It's my nature to immediately dislike a guy from USC, as I haven't been impressed with too many guys from there in the NFL, and I went to school in South Bend.  However, I'm starting to warm to non-skill position players from Trojan land, and I think the Colts did all right with CB Kevin Thomas.

Forget the fact that nobody talked about him before the draft.  I went back and watched some game highlights, and looked at some numbers, and I think he'll fit the Colts new scheme on defense, which may include more man-to-man than we're used to seeing from the Colts (according to Coach Caldwell).  Here's some numbers:

Year Tackles Sacks INTs DFL
2005 7 0 0 2
2006 10 0 0 1
2008 15 2 3 7
2009 56 1 0 12
Total 88 3 3 22

He played mostly Nickel as a Junior, and (from looking at highlights) seemed to play Left CB last season, as the starter.  He had over 4 tackles / game, which seems high for a CB, but it makes sense.  Teams were able to move the ball throwing it against USC last year, and a good chunk of it was to TEs.  Thomas wasn't covering them, but helped on the tackle (23 were assists).  The high number also tells you that when the WR does make the catch, Thomas can bring him down.  No CB will be able to defend every pass, so they absolutely need to be able to tackle.  I think Thomas can do that.

The lack of INTs is a little worrisome, but the extremely high number of pass deflections makes up for it.  It's hard to tell whether he'd have more INTs if he was in better position, but the fact that, even if he was out of position, he came back and at least broke the play up, is a good sign.  Here's some highlights, mostly pass break-ups.  It looks like he's in good position, and not trying to catch the ball.

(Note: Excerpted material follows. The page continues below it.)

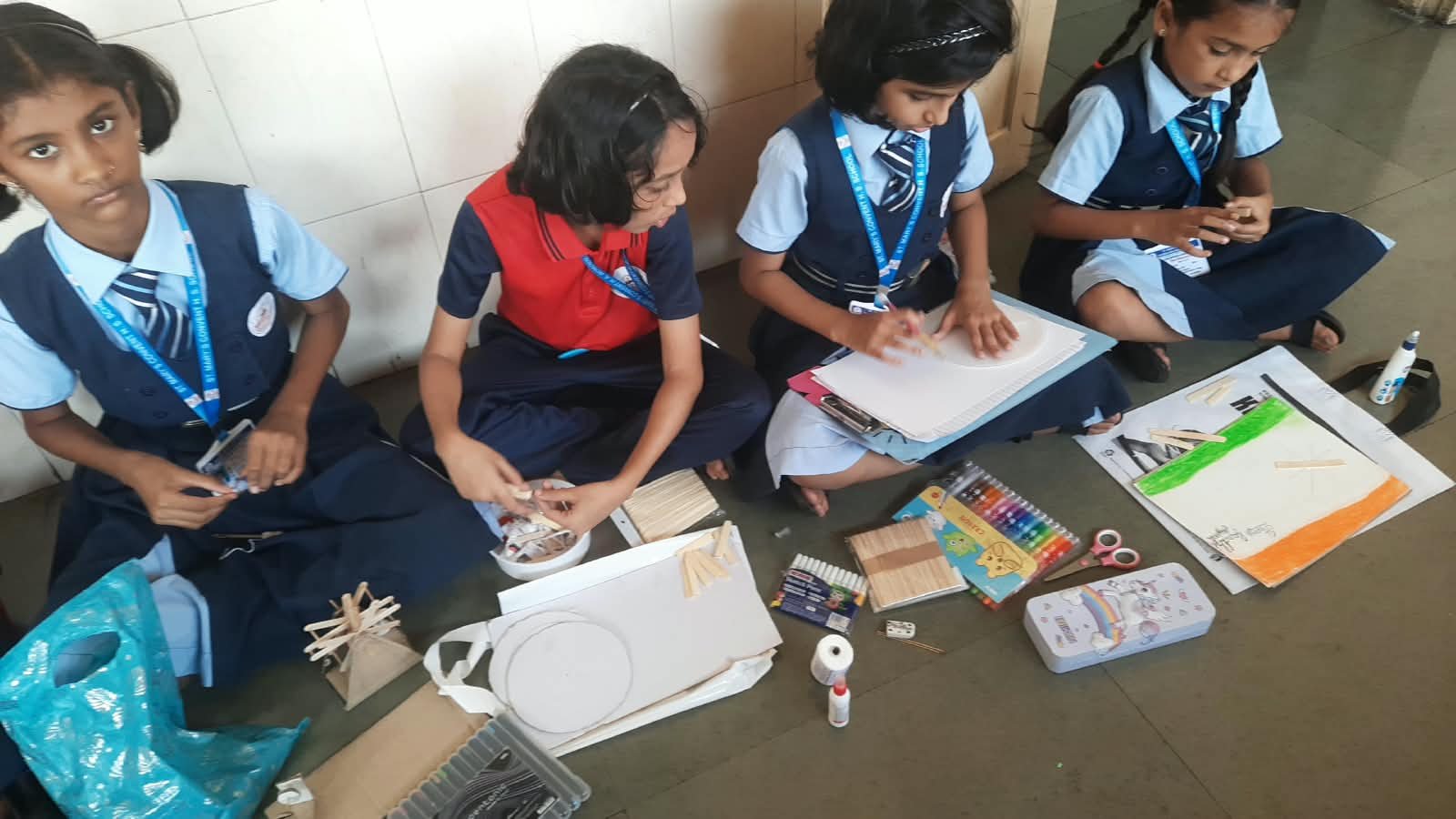 Class IV – Charkha Making Activity
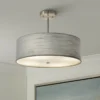 Textile™ Classic 18"W Nickel Gray Drum Pendant Light 2 Textile™ Classic 18"W Nickel Gray Drum Pendant Light -Outlet The Radiantix Store textile classic 18 inchw nickel gray drum pendant light 85v29cropped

See how Thomas did against various WRs last season after the jump...

These numbers should be taken with a grain of salt, as they aren't exact by any means.  These are stats from the teams' best WR, even though Thomas may not have been covering him the entire game.  TDs in Red are the ones Thomas was not responsible for.

Player Team Catches Yds Yds/Catch Season
Yds/Catch
TD
DeVier Posey Ohio St. 6 81 13.5 13.8 0
Jermaine Kearse UW 3 70 23.3 17.3 0
Marvin Jones Cal 3 53 17.7 15.1 0
Golden Tate ND 8 117 14.6 16.1 2
James Rodgers Oregon St. 7 56 8.0 11.4 1
Jeff Maehl Oregon 4 54 13.5 13.1 0
Chris McGaha ASU 9 118 13.1 12.1 1
Ryan Whalen Stanford 3 44 14.7 16.2 0
Nelson Rosario UCLA 5 54 10.8 17.2 0
Juron Criner Arizona 6 71 11.8 12.9 1

Overall these are pretty good, and I believe shows improvement over the course of the season.  Golden Tate beat him for 1 of his 2 TDs:  A skinny post from about the 15 yard line.  It was clearly zone coverage, and Taylor Mays was late getting there to help, and Tate scored.  Sure there's some fault to Thomas for giving him that much room, but it looked like he had outside coverage, and Tate went inside.

One of the other TDs, to ASU's Chris McGaha, it looked like he got caught looking at the QB, when the QB was looking to the other side of the field.  I understand in college QBs don't do that as often in the NFL, but he better not get caught doing that again, as it is inexcusable.  I'm sure Pete Carroll pointed this out to him.

I also didn't include the bowl game against BC, because he played the whole game, and had just one pass deflection and no tackles.  It seems they just avoided him at all costs, which is (usually) a sign of a good CB.  Teams don't throw at Revis or Asamugha.  I'll take this as a good sign.

He looks like a good fit for the Colts, picked around where some thought he would be, after his workouts:

Thomas' Combine performance also showed scouts he has NFL-caliber athleticism (4.41-second 40-yard dash, 19 bench reps at 225 pounds, excellent shuttle times). If team doctors write off the injuries he had early in his USC career, there's no reason to think Thomas can't be a top 100 pick.